Asian markets mostly fell on deepening European debt concerns on Tuesday after 28 Spanish banks were hit with a downgrade as traders remained downbeat ahead of a European Union summit.
Adding to the gloomy sentiment, Cyprus became the fifth eurozone country out of the 17 countries in the bloc to seek a bailout.
Tokyo's Nikkei index fell 0.81 percent, or 70.63 points, to 8,663.99, as major exporters fell, with Sony off 2.90 percent at 1,102 yen and Honda Motor slipping 1.54 percent to 2,620 yen.
Struggling chipmaker Renesas Electronics was down 5.84 percent at 306 yen after it said its major shareholders have agreed to offer financial help as it undergoes a restructuring.
The Seoul market lost 0.41 percent, shedding 7.57 points to 1,817.81 and Sydney closed 0.36 percent, or 14.5 points, lower at 4,013.3.

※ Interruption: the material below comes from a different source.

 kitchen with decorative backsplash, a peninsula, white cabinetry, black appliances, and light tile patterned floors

Shanghai was flat, closing 2.04 points down at 2,222.07 but Hong Kong rebounded from three days of losses to end 0.45 percent, or 84.39 points, higher at 18,981.84.

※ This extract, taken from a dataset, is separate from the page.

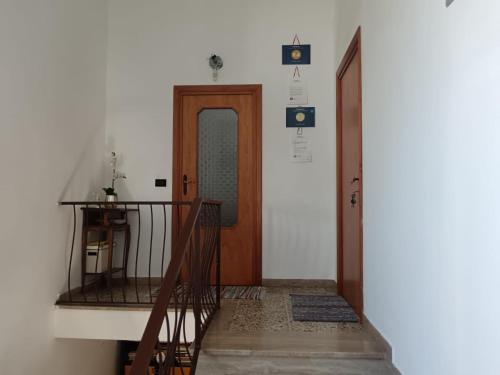 a hallway with a wooden door and a stair case at La Suite Di Rita in Giulianova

Eyes are on the two-day meeting of EU leaders on Thursday and Friday as they try to overcome their differences to save the troubled euro.
"Expectations are very low for the upcoming European summit," said Tim Waterer, senior trader at CMC Markets in Sydney.
"There is a feeling that nothing concrete is going to come out of it and that we will be none the wiser about the solution to long-term problems," he told Dow Jones Newswires.
On Tuesday morning French Finance Minister Pierre Moscovici said he would be holding talks with his counterparts from Germany, Spain and Italy in the run-up to the summit.
In a fresh blow, ratings agency Moody's hit 28 Spanish banks with new credit downgrades Monday.
As Madrid formally requested a rescue loan of up to 100 billion euros ($125 billion) for the banking sector from its eurozone partners, Moody's said the banks faced rising losses from commercial real estate loans.
The agency said Madrid's own lowered credit grade also contributed to the rating cuts.
Moody's last week cut the ratings of 15 of the biggest names in banking including Goldman Sachs, Barclays, Citigroup, HSBC and Deutsche Bank, citing their exposure to each other and the financial crisis.
On Monday Cyprus, which had a large exposure to Greek government debt, requested financial help from its eurozone partners, following Ireland, Greece, Portugal and Spain.
While it did not specify the amount, local media speculated it would be in the region of five billion euros.
On Wall Street the Dow fell 1.09 percent, the S&P 500 slid 1.60 percent and the tech-rich Nasdaq lost 1.95 percent.
In late afternoon Asian forex trade the euro bought $1.2513 and 99.60 yen, compared with $1.2502 and 99.58 yen in New York late Monday.
The dollar bought 79.56 yen, compared with 79.67 yen.
Oil prices slipped. New York's main contract, light sweet crude for delivery in August, slid 24 cents to $78.97 in the afternoon and Brent North Sea crude for August delivery dipped 21 cents to $90.80.
Gold was at $1,585.95 an ounce at 0810 GMT, compared with $1,569.01 late Monday.
In other markets:
-- Taipei fell 0.40 percent, or 28.45 points, to 7,137.93.
Chunghwa Telecom rose 0.88 percent to Tw$92.0 while TSMC was 1.13 percent lower at Tw$78.7.
-- Manila closed 0.52 percent higher, adding 26.64 points to 5,193.84.
Philippine Long Distance Telephone rose 1.91 percent to 2,674 pesos while Ayala Corp. added 0.43 percent to 470 pesos.
-- Wellington ended down 0.58 percent, or 19.80 points, at 3,381.32.
Telecom fell 1.42 percent to NZ$2.435, Fletcher Building was off 1.67 percent at NZ$5.88 and Contact Energy eased 0.21 percent to NZ$4.71.